## Exercise data
____________

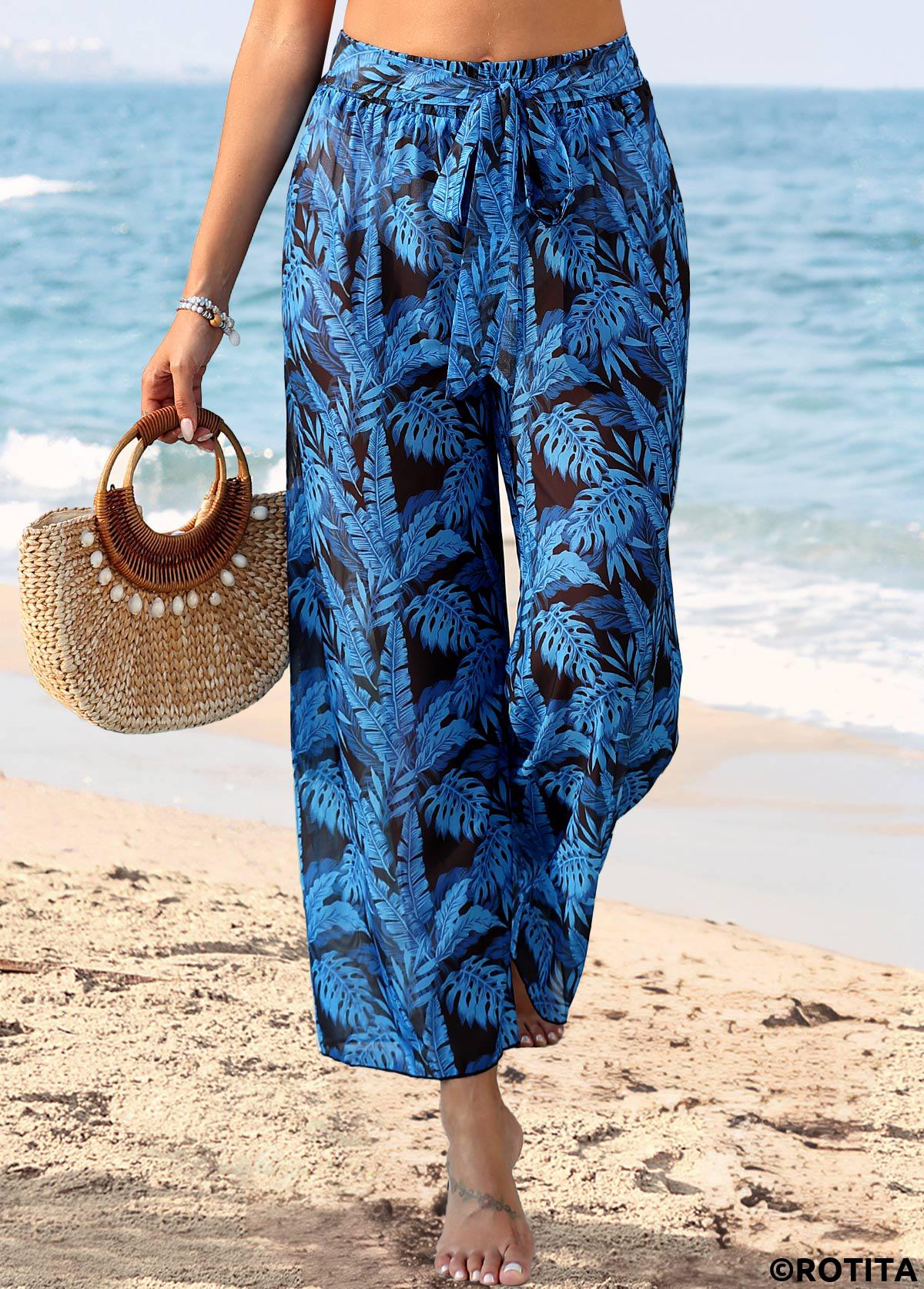 Dark Blue swimwear,Plants swimwear,Dark Blue Tie Leaf Print Pants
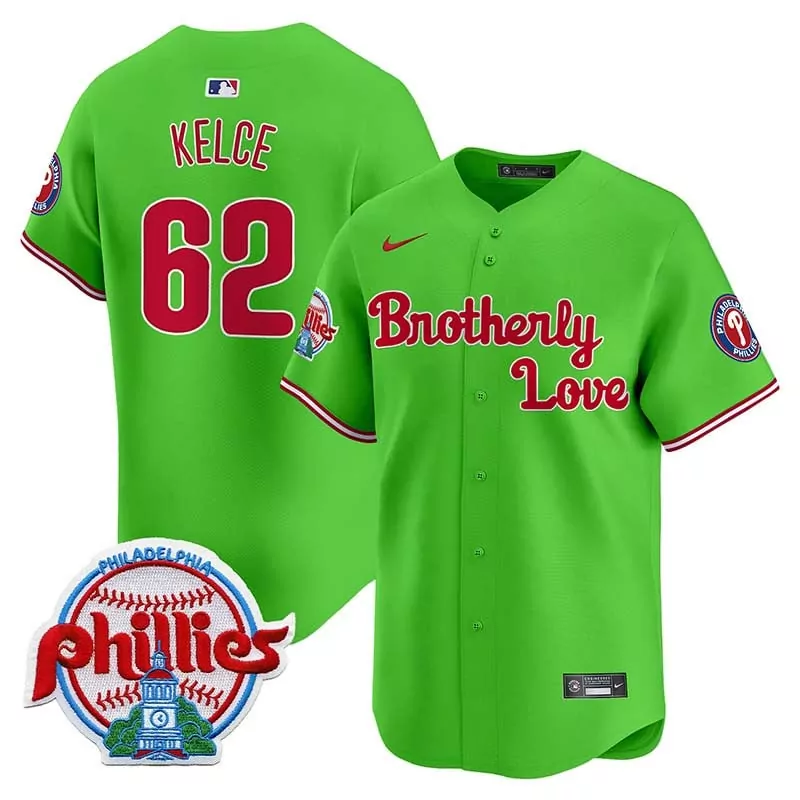 Jason Kelce 62 Jersey Green Brotherly Love Philadelphia Phillies Team 2024 Men Red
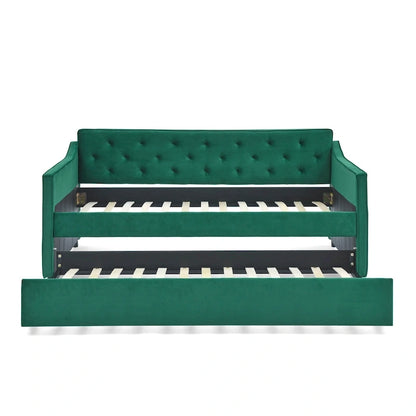 Twin Size Linen Upholstered Daybed Frame with Trundle & Tufted Backrest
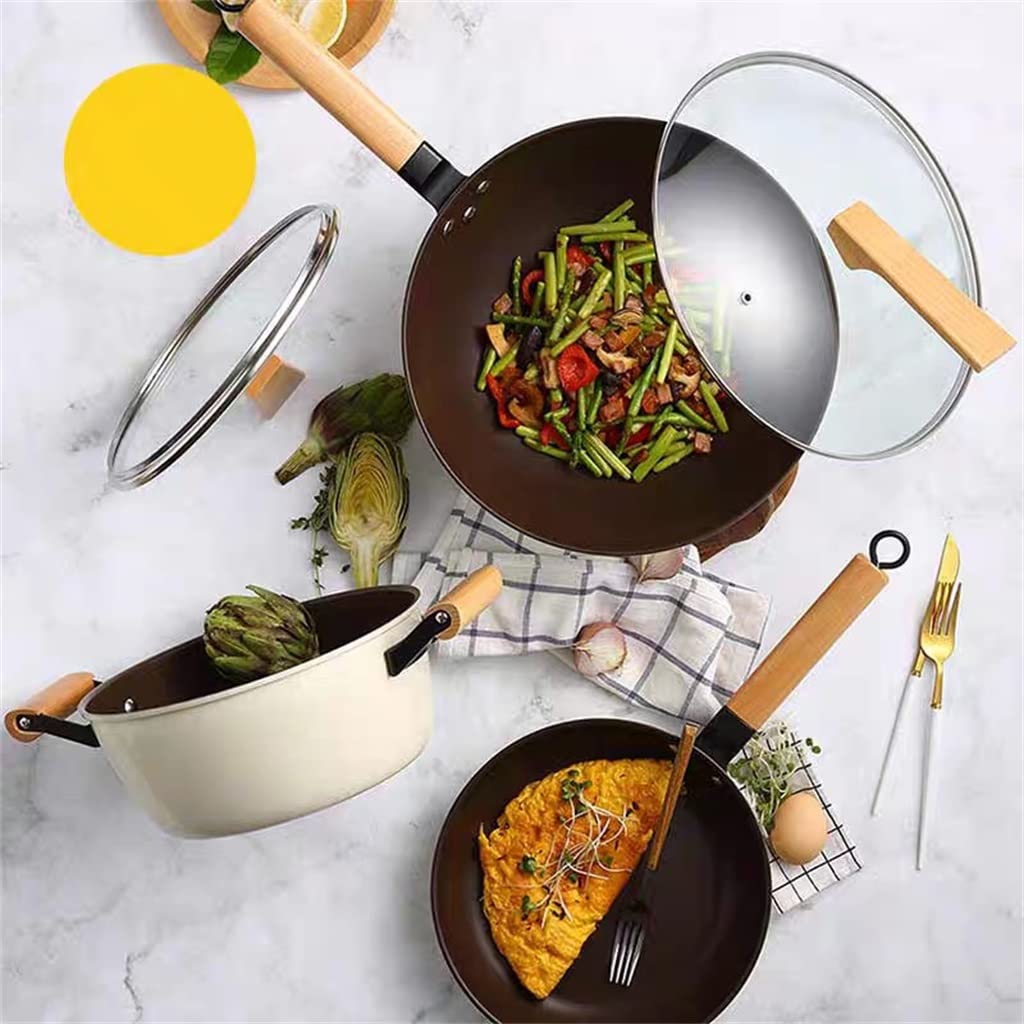 Pot Set Wok Soup Milk Cast Iron Chinese 3-piece With Cover Kitchen Cooking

____________

## Required work
From the line that holds "Twin Size Linen" to the last line of the data, return those lines exactly and nothing else; both ends count, and pictures stay out.

## Answer box
 Twin Size Linen Upholstered Daybed Frame with Trundle & Tufted Backrest
 Pot Set Wok Soup Milk Cast Iron Chinese 3-piece With Cover Kitchen Cooking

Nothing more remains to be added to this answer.